You can select from a number of different kinds of annuities. Some of them offer different benefits or payouts, but there are a few types that are more common than the others.

  • Immediate Annuities
An immediate, or single premium annuity is paid for up front with a lump sum and will provide guaranteed income right away. These are typically bought by people who are close to retirement and want to get guaranteed payments.

  • Pensions
You could include pensions as a type of annuity as well, because they pay a fixed rate to the retiree based upon a number of factors related to their career.

  • Lottery Annuities
These are agreements made when people win the lottery, which spread the payout over a number of years instead of providing a lump sum up front.

  • Deferred Annuities
In this option, the payments are delayed while the annuity accumulates. They are then paid out in any of a number of ways once they reach the payout phase, and they benefit from certain tax advantages.

History of Annuities

In the good old days,annuities were very basic investment tools that were a lot like pensions . They paid the recipient a predetermined amount of money over a predetermined period of time, and set up guaranteed income for the owner.

However, as time went on, annuities were specialized more and more to meet the needs and wishes of a wider variety of investors. As a result, there are differing terms on things like survivor benefits, guarantees on the income and payment terms. The definition can also include structured settlements.
Sell Annuities
This is a whole category of annuities that arises out of a legal agreement, usually after a lawsuit. The defendant and plaintiff will come to an
agreement on the future needs of the winning party. Then the defendant puts money into the structured settlement, which will be maintained by
an independent third party such as an insurance company. In some cases, there might be a partial lump sum payout with partial payments.

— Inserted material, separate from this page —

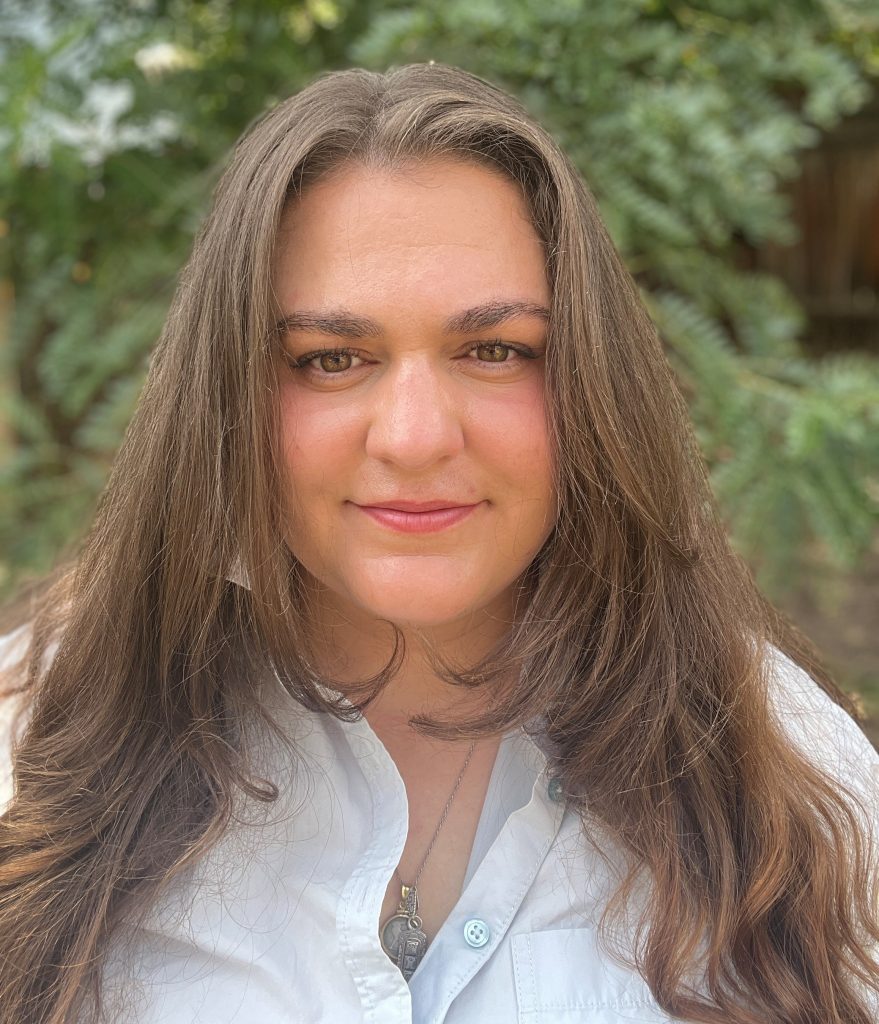 Holly Hay Baur Headshot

Structured settlements can arise from lottery winnings, workers’ compensation cases, wrongful death lawsuits or personal injury or insurance settlements.

Advantages of Annuities

  • There are a number of advantages of annuities. For example, they provide you the opportunity to grow your money tax-deferred, enjoying all of the gains and helping you to invest more efficiently.
  • In addition, they are widely viewed as very safe and stable investments. They are almost always backed by insurance companies, so if you work with a trusted and established insurance company, you will not have anything to worry about in terms of receiving the payouts.
  • They provide you the opportunity to earn income for the rest of your life, which is really important in providing some stability in case you live longer than you prepare for when amassing retirement savings. It’s good to have a backup plan in the fortunate event that you enjoy a longer life than the average person.
  • You also eliminate the risk, which is a major benefit. The insurance company takes on the risk and that no longer has to be factored in when you are projecting how much money you will have coming in. That simplifies things for you, which is why annuities are so popular with people nearing retirement.

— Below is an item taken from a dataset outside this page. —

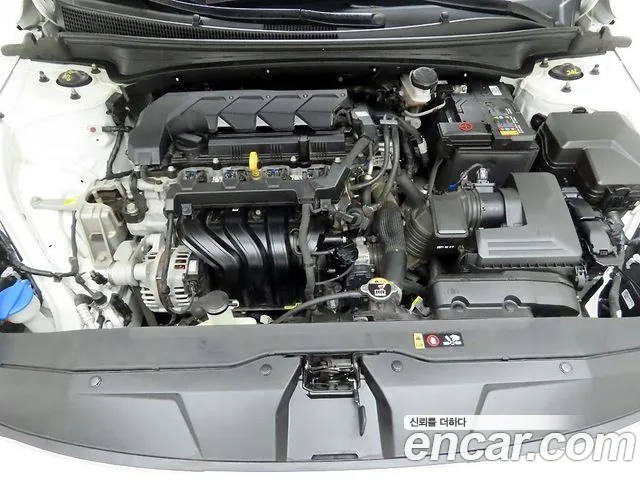 Hyundai Avante CN7 — Фото автомобиля 20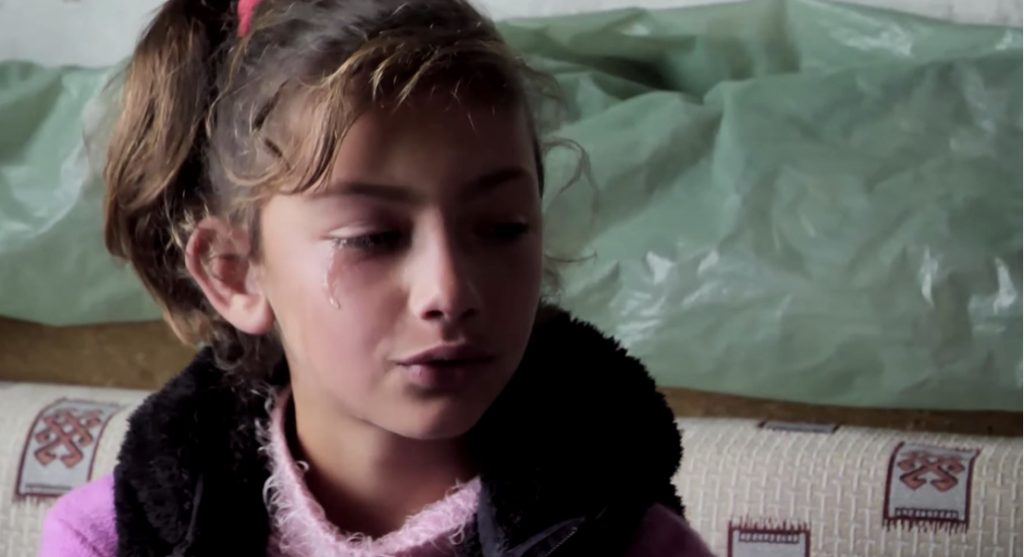 Izabelës nuk i shteren lotët: Dua të kem një shtëpi të bëj detyrat, të jem si shoqet e mia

Disadvantages of Annuities

  • Annuities are complicated investment options that include a lot of extra expenses and fees, as well as administrative charges. That cuts into the amount that you will see when it is all said and done. They also tie up your money for a period of time, so they take away flexibility and remove some of your options. As a result, if there is a chance that you will need the money sooner, you may want to avoid annuities.
  • You also face tax penalties if you decide to pull out funds from an annuity before you turn 59 and a half. As a result, most people try to avoid doing this.
  • Once you weigh the pros and cons, you can figure out whether annuities are the right investment tool for you to use and whether you should buy them, hold onto your own or consider selling.